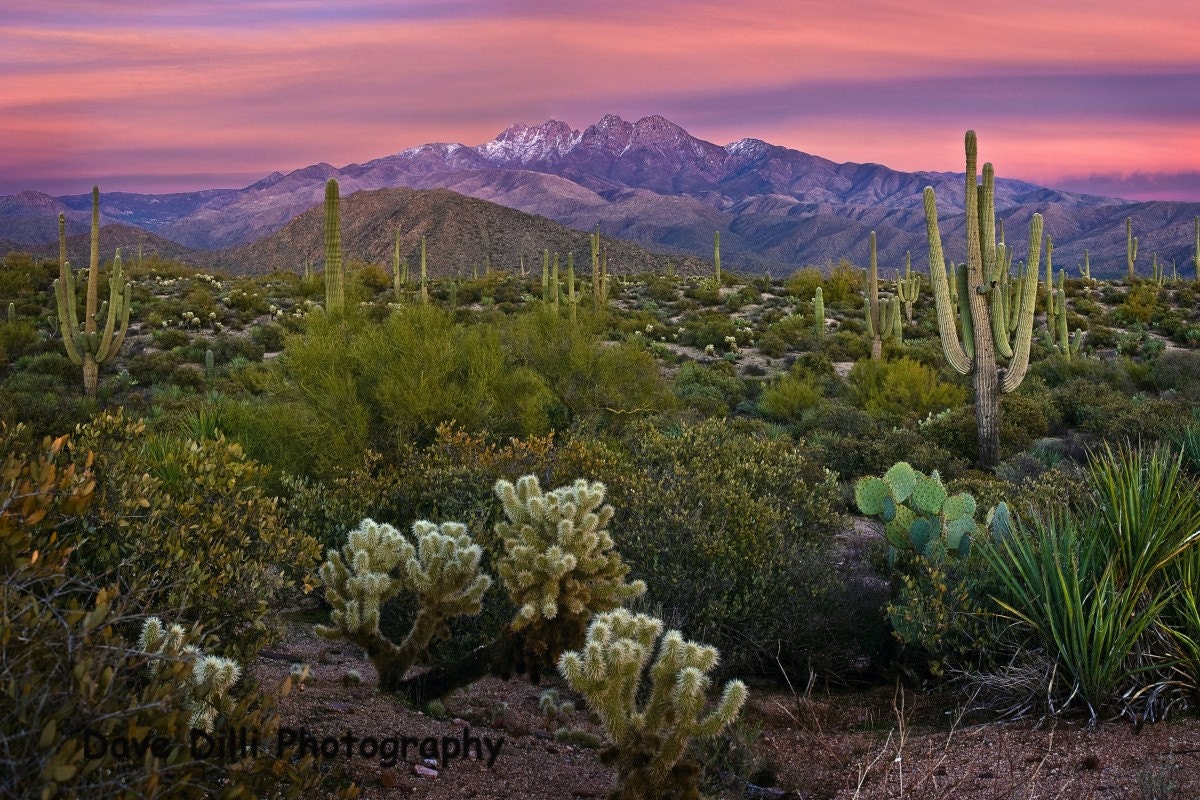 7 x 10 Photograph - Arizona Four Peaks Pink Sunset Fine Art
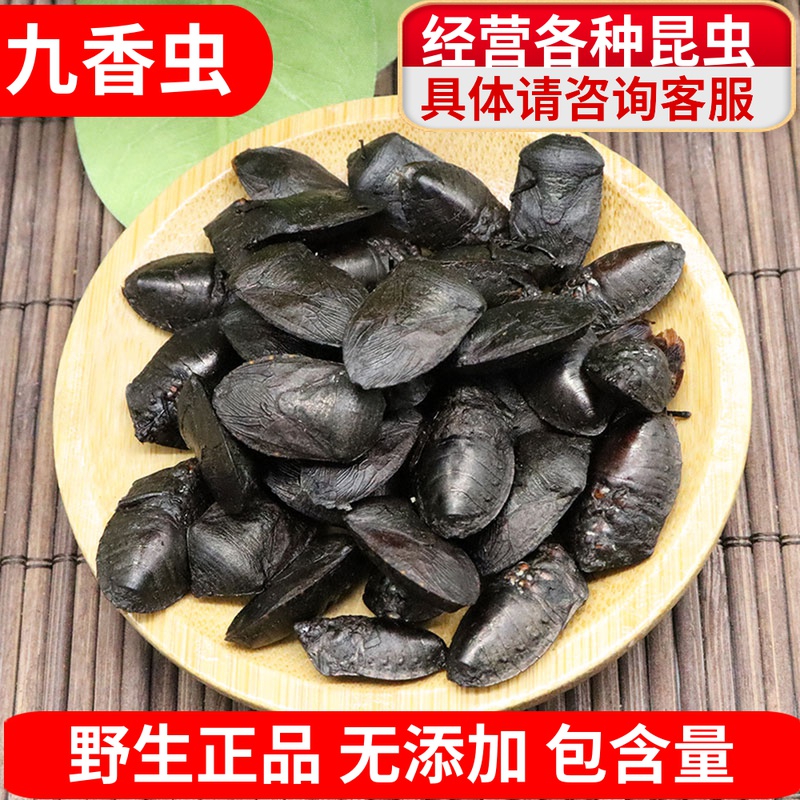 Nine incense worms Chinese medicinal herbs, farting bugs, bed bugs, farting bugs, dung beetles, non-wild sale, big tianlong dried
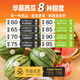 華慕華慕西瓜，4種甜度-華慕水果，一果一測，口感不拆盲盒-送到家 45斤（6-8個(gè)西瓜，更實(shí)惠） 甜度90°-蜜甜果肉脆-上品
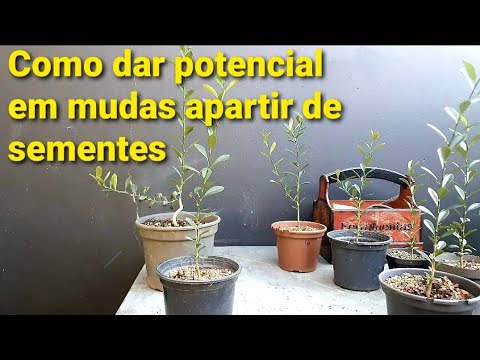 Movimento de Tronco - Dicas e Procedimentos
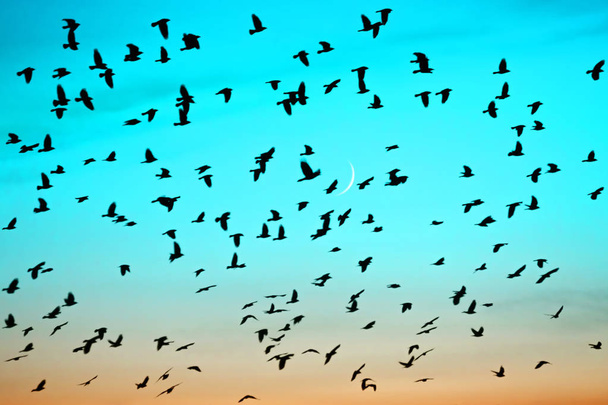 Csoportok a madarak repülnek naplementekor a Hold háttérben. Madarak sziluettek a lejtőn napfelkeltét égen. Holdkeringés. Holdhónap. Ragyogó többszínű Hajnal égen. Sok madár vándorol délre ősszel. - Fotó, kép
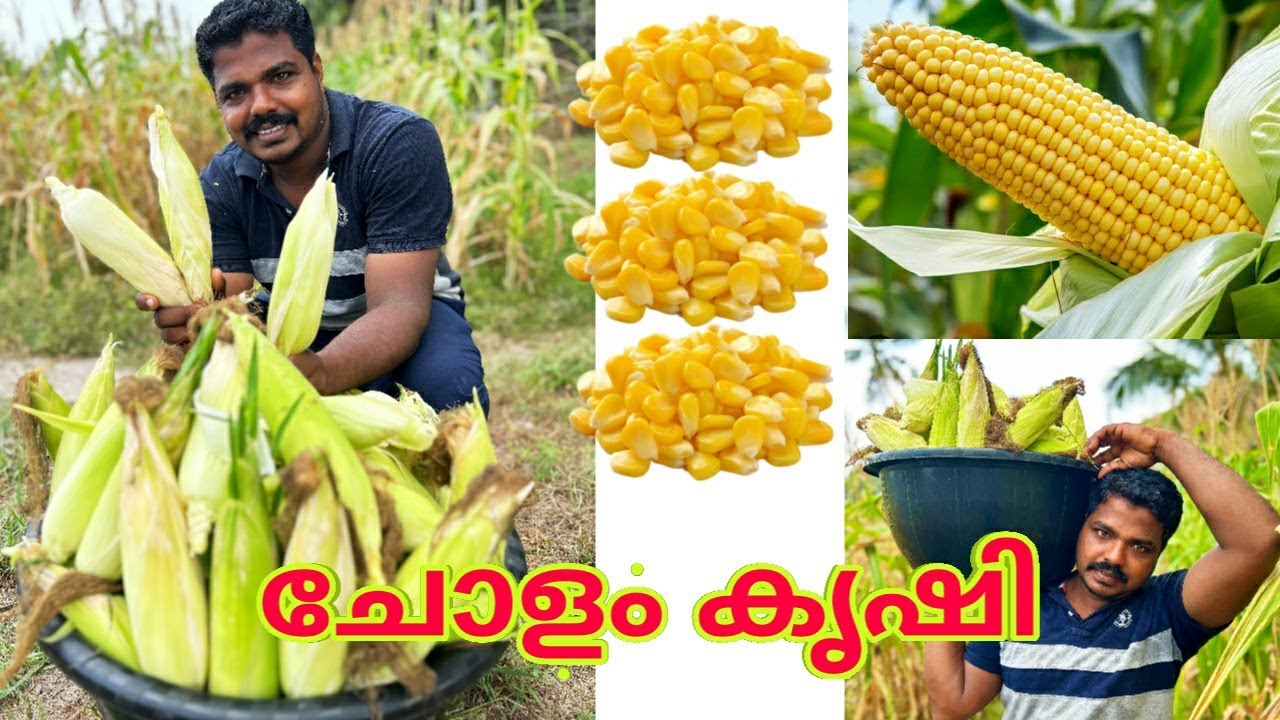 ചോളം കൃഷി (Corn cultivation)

## Exercise
Go through the listing above and write it all out exactly, leaving out any picture.

## Answer to the problem
 7 x 10 Photograph - Arizona Four Peaks Pink Sunset Fine Art
 Nine incense worms Chinese medicinal herbs, farting bugs, bed bugs, farting bugs, dung beetles, non-wild sale, big tianlong dried
 華慕華慕西瓜，4種甜度-華慕水果，一果一測，口感不拆盲盒-送到家 45斤（6-8個(gè)西瓜，更實(shí)惠） 甜度90°-蜜甜果肉脆-上品
 Movimento de Tronco - Dicas e Procedimentos
 Csoportok a madarak repülnek naplementekor a Hold háttérben. Madarak sziluettek a lejtőn napfelkeltét égen. Holdkeringés. Holdhónap. Ragyogó többszínű Hajnal égen. Sok madár vándorol délre ősszel. - Fotó, kép
 ചോളം കൃഷി (Corn cultivation)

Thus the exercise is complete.